=== Section Start ===

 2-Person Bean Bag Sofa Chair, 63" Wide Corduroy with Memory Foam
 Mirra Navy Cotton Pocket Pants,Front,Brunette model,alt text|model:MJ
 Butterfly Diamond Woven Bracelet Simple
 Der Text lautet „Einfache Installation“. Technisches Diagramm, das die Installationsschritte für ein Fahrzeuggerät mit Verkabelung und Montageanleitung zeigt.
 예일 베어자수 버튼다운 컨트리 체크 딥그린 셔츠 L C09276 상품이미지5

=== Section End ===
=== Section Start ===

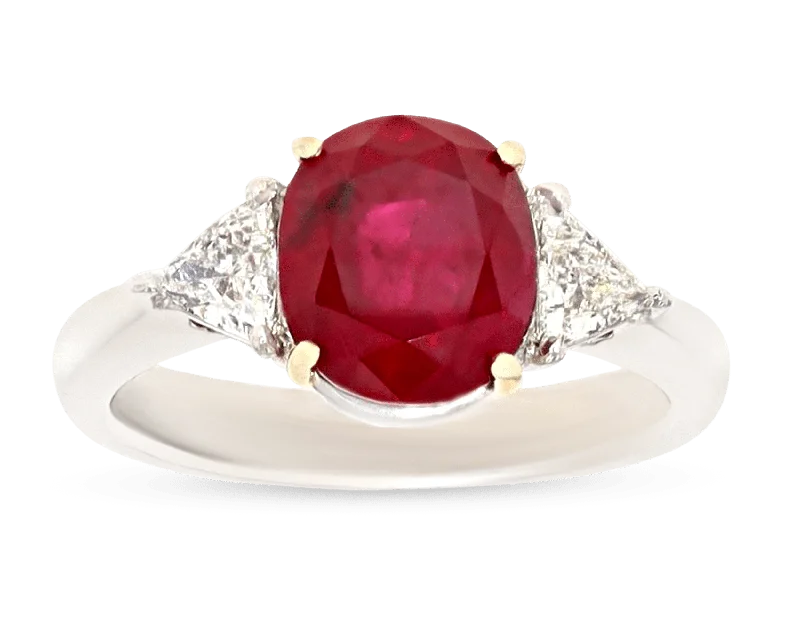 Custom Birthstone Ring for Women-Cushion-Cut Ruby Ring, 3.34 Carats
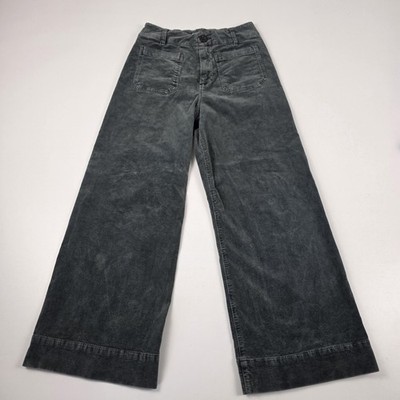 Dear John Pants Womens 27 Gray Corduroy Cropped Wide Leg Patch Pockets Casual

=== Section End ===
=== Section Start ===

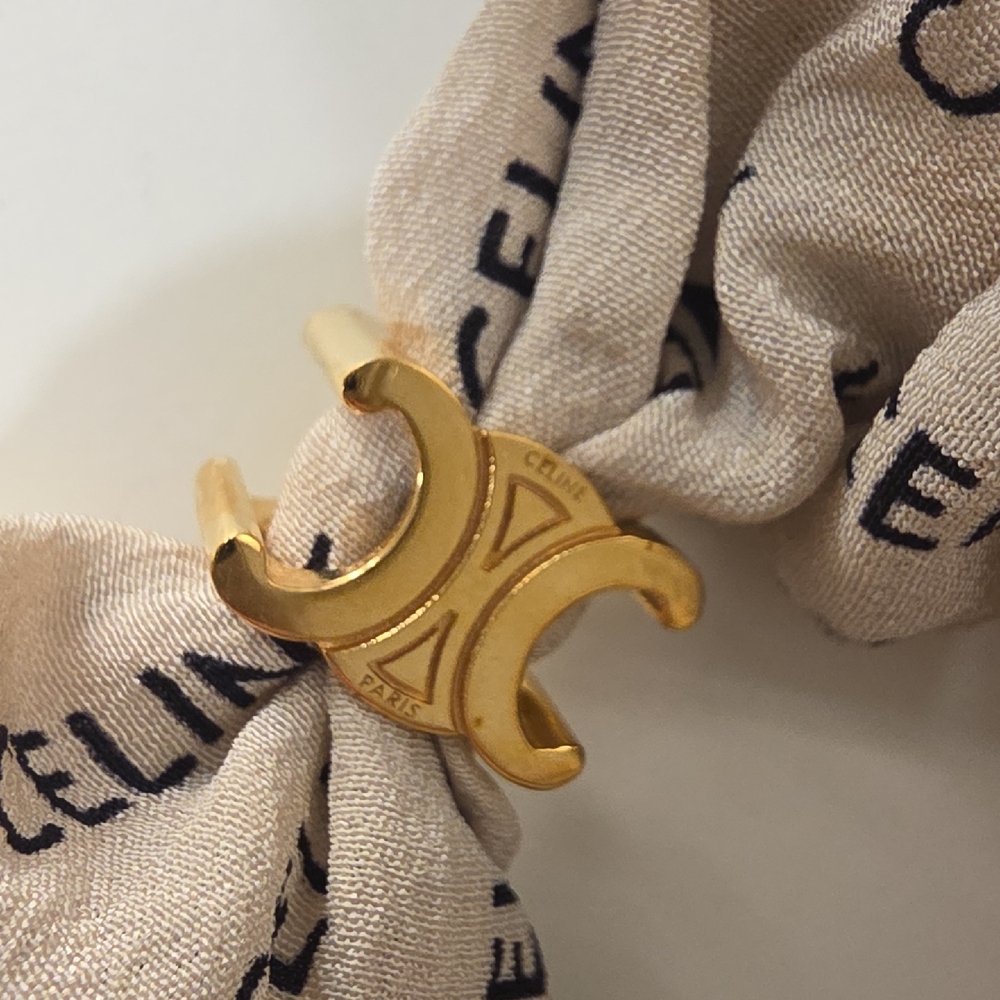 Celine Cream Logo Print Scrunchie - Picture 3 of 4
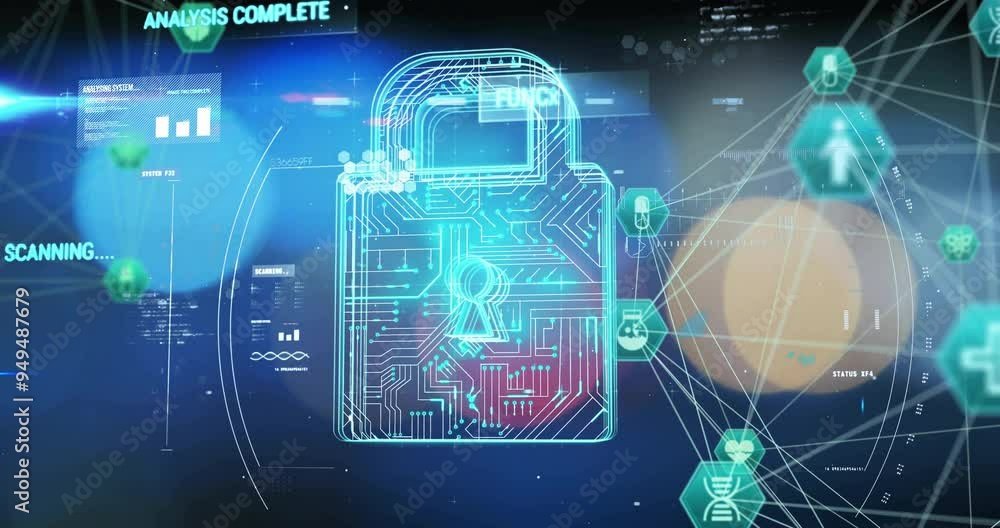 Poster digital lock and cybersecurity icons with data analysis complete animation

=== Section End ===

Retype exactly, and only, the lines above from the one where "Der Text lautet" occurs up to and including the one where "예일 베어자수 버튼다운 컨트리 체크 딥그린 셔츠 L C09276 상품이미지5" occurs.

*Exercise result*.
 Der Text lautet „Einfache Installation“. Technisches Diagramm, das die Installationsschritte für ein Fahrzeuggerät mit Verkabelung und Montageanleitung zeigt.
 예일 베어자수 버튼다운 컨트리 체크 딥그린 셔츠 L C09276 상품이미지5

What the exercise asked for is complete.